Precision and fuzzy matching
Fuzzy matching allows you to deduplicate and match string data when the data doesn’t exactly match. String data with typos and other small differences are good candidates for fuzzy matching.
Each condition in a rule has a setting called Precision where you select how close two strings should be to be considered a match. The default precision setting requires an exact match for the strings being compared to match. Selecting any other value for precision enables fuzzy matching for that condition.
Precision can be set to low (30% match), medium (60% match), and high (80% match). You can also select the dropdown, and change Basic to Custom, allowing you to set the precision in 1% increments.
Note
Only string data type columns can use fuzzy matching. For columns with other data types such as integer, double, or datetime, the precision field is set to exact match and is read only.
Fuzzy matching calculations
Fuzzy matches are made by computing the edit distance score for two strings. If the score meets or exceeds the precision threshold, then the strings are considered a match.
The edit distance is the number of edits required to turn one string into another string, by adding, deleting, or changing a character.
For example, the strings “Jacqueline” and “Jaclyne” have an edit distance of 5 when we remove the q, u, e, i, and e characters, and insert the y character.
The basic calculation to determine the edit distance score is: (Base string length – Edit Distance) / Base string length
Base string | Comparison string | Score |
---|---|---|
Jacqueline | Jaclyne | (10-5)/10=.5 |
fred@gmail.com | fred@gmal.cm | (14-2) / 14 = 0.857 |
franklin | frank | (8-2) / 8 = 0.75 |
Normalization and fuzzy matching
Customer Insights – Data provides powerful data normalization routines that can handle many data discrepancies more efficiently than fuzzy matching. You can select one or more data normalization patterns for a column. Normalization doesn't change your data in the final output. The normalized data is only used for comparison purposes to match customer records more effectively.
Normalization | Examples |
---|---|
Numerals | Converts Unicode representations of numbers to the number.
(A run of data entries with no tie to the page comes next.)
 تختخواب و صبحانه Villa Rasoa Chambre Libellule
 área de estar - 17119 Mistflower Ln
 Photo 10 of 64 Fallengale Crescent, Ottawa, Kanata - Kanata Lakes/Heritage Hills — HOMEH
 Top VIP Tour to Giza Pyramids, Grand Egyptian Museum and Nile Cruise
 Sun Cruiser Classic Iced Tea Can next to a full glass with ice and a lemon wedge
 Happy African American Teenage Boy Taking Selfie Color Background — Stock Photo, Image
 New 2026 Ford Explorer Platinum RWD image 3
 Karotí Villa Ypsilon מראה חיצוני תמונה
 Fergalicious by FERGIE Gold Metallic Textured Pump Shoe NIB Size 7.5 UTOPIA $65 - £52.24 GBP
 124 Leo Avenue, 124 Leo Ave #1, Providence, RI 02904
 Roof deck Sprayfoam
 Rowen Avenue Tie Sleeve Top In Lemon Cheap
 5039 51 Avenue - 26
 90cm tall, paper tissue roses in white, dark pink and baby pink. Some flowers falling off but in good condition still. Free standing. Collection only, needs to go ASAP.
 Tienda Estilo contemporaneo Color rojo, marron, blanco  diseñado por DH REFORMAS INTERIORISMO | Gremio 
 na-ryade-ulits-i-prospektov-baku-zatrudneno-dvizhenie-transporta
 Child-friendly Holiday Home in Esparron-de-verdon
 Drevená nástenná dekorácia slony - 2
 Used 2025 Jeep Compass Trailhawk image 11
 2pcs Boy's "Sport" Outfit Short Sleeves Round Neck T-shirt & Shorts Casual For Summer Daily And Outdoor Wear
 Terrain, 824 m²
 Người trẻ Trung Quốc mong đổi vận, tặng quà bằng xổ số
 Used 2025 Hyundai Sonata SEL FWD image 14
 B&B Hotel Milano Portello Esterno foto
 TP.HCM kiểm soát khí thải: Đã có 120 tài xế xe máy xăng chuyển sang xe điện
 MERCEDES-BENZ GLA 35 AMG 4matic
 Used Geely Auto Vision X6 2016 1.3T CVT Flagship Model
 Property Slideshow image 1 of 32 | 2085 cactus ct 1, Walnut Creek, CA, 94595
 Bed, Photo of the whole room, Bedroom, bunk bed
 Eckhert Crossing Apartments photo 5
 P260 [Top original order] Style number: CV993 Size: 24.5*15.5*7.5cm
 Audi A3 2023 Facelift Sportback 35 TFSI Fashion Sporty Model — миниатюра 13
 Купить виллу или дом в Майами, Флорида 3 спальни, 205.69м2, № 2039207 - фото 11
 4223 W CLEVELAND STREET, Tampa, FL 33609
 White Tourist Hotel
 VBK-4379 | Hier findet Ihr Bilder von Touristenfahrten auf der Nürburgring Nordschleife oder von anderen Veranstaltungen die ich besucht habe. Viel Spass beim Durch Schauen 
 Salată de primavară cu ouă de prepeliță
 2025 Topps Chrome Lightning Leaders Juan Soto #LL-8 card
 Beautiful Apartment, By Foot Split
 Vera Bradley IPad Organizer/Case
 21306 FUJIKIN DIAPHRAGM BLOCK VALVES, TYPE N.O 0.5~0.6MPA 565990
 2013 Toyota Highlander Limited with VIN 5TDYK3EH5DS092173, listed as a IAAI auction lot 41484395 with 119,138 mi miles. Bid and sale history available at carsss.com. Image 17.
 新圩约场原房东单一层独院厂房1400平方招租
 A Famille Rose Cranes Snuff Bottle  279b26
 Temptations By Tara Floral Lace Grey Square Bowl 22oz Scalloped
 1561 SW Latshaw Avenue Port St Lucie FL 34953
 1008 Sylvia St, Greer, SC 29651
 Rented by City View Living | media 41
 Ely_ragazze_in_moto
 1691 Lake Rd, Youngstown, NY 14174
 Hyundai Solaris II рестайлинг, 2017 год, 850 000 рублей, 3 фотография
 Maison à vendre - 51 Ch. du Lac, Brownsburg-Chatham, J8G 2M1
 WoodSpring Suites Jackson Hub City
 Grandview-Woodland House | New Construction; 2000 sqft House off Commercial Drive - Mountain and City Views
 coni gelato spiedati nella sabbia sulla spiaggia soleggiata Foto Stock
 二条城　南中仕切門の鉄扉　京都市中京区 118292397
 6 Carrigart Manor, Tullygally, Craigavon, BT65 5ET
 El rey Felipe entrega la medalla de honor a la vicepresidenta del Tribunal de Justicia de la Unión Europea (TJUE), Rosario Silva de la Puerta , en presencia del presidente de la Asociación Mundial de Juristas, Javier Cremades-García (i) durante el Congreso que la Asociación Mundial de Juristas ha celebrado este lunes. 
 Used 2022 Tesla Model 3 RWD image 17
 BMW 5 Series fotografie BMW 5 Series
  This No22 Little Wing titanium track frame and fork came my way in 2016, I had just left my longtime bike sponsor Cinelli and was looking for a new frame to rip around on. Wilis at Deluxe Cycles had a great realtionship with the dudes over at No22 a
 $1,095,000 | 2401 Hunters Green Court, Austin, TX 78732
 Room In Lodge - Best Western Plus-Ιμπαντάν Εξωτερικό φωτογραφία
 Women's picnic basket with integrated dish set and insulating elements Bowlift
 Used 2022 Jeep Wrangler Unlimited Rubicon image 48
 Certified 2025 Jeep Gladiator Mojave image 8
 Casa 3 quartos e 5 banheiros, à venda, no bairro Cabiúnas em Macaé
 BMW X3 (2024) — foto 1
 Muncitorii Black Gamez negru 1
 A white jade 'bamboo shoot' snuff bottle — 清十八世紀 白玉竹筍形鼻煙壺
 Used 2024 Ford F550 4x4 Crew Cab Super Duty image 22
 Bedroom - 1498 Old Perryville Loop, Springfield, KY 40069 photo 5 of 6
Examples: □ and Ⅷ are both normalized to the number 8. Note: The symbols must be encoded in Unicode Point Format. |
Symbols | Removes symbols and special characters. Examples: !?"#$%&'( )+,.-/:;<=>@^~{}`[ ] |
Text to lower case | Converts upper case characters to lower case. Example: ‘THIS Is aN EXamplE’ is converted to 'this is an example’ |
Type – Phone | Converts phones in various formats to digits, and accounts for variations in how country codes and extensions are presented. Example: +01 425.555.1212 = 1 (425) 555-1212 |
Type - Name | Converts over 500 common name variations and titles. Examples: "debby" -> "deborah" "prof" and "professor" -> "Prof." |
Type - Address | Converts common parts of addresses Examples: "street" -> "st" and "northwest" -> "nw" |
Type - Organization | Removes around 50 company name ‘noise words’ such as "co," "corp," "corporation," and “ltd.” |
Unicode to ASCII | Converts Unicode characters to their ASCII letter equivalent Example: The characters 'à,' 'á,' 'â,' 'À,' 'Á,' 'Â,' 'Ã,' 'Ä,' 'Ⓐ,' and 'A' are all converted to 'a.' |
Whitespace | Removes all white space |
Alias mapping | Allows you to upload a custom list of string pairs that can then be used to indicate strings that should always be considered an exact match. Use alias mapping when you have specific data examples you think should match, and aren't matched using one of the other normalization patterns. Example: Scott and Scooter, or IBM and International Business Machines. |
Custom bypass | Allows you to upload a custom list of strings that can then be used to indicate strings that should never be matched. Custom bypass is useful when you have data that has common values that should be ignored, such as a dummy phone number or dummy email. Example: Never match the phone 555-1212, or test@example.com |
Performance – use exact match conditions
Fuzzy matching is powerful, but takes more time and resources than exact matching. It's best to use data normalization as your first approach for data irregularities and use fuzzy matching strategically.
Important
Use at least one exact match condition in every rule.
The exact match conditions are run first to obtain a smaller set of values that need to be fuzzy matched. To be effective, the exact matching conditions should have a reasonable degree of uniqueness. For example, if all your customers live in the same country, then having an exact match on country would likely not help narrow the scope.
Columns like full name, email, phone or address fields have good uniqueness and are great columns to use as an exact match.